Jaz, assim, encostado, sem o embalo das ondas que o acolheram por um período
bem longo, se tem a certeza.
Dá para ver que seu casco, que navegou com
arrogância por tantas ondas, se encontra muito avariado, quase que totalmente
desfeito de sua feição inicial sugerindo que talvez ele tenha submergido em
algum tempo e ficado por lá, entre conchas, peixes grandes, pequenas e grandes
marés. Deixou-se carcomer com resignação, porque as avarias estão em todo o seu
volume e em alguns lugares mais que outros. Esburacam-se suas laterais talvez
por conta de uma força férrea de espécies de peixes que ali queriam se achegar
para verem nascer suas crias, fugir dos seus predadores e com certa paz o casco arruinado colaboraria para salvar suas
vidas. Mas, assim que sua missão no fundo do mar acabou achou-se com leveza
suficiente para voltar a ver a natureza em que nasceu.

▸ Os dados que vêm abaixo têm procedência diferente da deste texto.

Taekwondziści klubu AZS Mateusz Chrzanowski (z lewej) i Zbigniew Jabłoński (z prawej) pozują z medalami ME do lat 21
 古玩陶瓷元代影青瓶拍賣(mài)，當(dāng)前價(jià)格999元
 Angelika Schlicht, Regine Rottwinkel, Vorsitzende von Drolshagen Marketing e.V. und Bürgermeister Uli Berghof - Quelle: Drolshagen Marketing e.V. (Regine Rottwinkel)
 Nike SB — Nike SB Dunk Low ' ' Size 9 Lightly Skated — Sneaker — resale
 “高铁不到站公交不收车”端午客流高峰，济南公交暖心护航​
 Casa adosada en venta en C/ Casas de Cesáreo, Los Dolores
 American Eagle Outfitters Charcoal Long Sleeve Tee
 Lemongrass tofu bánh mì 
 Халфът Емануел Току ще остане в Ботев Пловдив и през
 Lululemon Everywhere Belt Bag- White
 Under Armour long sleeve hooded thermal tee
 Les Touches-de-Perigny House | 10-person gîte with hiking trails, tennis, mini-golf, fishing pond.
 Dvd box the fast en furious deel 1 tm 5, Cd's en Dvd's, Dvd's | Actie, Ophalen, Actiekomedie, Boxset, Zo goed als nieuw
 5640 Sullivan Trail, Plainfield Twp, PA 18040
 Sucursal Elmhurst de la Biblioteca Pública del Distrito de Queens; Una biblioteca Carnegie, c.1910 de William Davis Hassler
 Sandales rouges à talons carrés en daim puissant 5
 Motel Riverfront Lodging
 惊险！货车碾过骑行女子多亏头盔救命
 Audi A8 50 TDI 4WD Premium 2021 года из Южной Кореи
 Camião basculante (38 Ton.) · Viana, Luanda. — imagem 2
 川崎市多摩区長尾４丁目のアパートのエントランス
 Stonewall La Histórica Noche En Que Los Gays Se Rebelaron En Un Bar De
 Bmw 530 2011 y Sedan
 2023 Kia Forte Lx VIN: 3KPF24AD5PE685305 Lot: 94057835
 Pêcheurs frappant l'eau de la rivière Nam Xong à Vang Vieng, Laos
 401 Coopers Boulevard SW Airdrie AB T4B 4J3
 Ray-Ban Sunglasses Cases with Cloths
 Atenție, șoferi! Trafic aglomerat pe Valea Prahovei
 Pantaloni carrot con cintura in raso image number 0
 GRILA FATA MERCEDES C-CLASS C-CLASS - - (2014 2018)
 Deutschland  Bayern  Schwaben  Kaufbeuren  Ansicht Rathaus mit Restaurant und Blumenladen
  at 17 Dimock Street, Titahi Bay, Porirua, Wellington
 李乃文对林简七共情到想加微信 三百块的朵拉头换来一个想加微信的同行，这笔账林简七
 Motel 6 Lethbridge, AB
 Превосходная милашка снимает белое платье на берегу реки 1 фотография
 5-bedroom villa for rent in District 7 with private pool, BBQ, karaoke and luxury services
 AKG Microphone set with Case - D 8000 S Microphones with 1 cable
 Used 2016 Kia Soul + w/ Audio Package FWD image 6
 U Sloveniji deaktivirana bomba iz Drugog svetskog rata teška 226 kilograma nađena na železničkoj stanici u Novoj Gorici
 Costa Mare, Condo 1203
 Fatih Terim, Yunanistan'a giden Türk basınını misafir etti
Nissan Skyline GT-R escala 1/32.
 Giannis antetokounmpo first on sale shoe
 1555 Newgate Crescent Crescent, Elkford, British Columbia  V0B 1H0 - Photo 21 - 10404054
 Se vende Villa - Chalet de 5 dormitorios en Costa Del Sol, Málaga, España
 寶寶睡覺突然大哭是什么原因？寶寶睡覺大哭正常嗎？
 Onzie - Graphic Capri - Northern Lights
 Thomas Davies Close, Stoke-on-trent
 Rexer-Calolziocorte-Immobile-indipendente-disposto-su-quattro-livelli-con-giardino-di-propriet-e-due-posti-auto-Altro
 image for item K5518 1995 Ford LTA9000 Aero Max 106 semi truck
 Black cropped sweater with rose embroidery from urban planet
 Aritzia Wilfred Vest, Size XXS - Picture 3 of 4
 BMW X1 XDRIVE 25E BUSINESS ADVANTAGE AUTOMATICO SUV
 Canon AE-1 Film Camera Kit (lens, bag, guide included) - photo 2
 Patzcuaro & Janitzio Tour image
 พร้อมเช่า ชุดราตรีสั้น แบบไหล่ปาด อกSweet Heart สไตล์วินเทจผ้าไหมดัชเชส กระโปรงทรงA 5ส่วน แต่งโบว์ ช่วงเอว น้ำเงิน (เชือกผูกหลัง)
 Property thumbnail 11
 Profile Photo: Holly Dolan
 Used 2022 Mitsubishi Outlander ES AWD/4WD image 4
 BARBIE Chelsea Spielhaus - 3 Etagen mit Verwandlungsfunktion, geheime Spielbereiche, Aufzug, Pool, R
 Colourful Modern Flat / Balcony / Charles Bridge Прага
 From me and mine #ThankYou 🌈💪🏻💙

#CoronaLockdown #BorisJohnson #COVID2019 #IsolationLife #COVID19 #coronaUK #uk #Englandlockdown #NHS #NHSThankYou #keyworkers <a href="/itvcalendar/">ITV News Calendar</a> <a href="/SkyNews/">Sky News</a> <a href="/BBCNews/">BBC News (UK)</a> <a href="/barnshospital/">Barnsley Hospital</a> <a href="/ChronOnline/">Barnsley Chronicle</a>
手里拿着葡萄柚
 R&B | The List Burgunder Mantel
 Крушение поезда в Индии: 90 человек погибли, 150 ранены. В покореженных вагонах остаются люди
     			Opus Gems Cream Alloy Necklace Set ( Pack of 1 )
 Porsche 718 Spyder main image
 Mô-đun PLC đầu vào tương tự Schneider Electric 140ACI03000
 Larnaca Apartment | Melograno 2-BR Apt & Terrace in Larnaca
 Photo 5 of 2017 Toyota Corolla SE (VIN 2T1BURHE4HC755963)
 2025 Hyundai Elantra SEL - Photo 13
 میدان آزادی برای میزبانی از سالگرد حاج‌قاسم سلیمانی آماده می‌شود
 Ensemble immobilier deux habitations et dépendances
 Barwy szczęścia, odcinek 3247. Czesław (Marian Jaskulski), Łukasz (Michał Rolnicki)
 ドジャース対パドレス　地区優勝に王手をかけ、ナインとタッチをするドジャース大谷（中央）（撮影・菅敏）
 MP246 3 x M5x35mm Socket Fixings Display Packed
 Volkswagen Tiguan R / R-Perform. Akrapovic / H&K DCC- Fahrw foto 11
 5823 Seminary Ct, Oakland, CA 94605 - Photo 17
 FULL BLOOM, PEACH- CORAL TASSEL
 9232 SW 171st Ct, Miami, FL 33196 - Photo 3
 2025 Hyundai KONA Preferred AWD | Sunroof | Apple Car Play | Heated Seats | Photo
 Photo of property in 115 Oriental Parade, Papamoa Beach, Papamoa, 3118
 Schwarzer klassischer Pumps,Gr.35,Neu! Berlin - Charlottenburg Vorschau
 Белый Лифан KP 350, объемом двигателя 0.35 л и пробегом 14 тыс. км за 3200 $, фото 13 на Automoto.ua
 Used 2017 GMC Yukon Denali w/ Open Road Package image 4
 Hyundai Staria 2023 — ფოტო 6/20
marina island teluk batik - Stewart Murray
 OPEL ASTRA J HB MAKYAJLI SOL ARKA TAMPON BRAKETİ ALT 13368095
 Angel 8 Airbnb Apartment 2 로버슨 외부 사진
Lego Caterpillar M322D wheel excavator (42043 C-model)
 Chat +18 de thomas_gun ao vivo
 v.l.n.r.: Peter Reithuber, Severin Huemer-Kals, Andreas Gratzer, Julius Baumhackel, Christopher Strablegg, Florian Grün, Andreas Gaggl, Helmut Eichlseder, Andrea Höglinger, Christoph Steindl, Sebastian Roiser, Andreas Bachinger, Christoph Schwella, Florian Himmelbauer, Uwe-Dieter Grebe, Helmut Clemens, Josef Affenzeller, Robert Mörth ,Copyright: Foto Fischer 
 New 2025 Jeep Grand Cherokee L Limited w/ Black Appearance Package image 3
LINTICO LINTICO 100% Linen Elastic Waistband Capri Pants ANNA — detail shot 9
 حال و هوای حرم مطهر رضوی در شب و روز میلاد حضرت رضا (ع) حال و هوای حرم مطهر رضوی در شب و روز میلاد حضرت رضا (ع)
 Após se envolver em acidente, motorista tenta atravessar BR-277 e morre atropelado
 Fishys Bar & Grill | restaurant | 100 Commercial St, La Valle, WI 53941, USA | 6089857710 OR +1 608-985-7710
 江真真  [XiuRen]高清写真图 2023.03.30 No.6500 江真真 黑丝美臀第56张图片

Escolheu esta ponta de praia para ter, enfim,
sua estrutura totalmente desfeita perto da água e das rochas que de certo modo
o protegem, achando ele que nunca é tarde demais. Um escudo que não o deixa
voltar ao fundo porque agora está cumprindo com o seu destino, consentindo que
se fique à mostra o rastro do seu reinado, finalizando com sua proa e pompa
arreganhando seu fim com um leve sorriso. O tempo de vida
útil se esvaiu, mas surge agora um personagem na beira da praia que irá
suscitar muitas estórias sobre sua imobilidade arruinada, encantando velhos,
jovens e crianças.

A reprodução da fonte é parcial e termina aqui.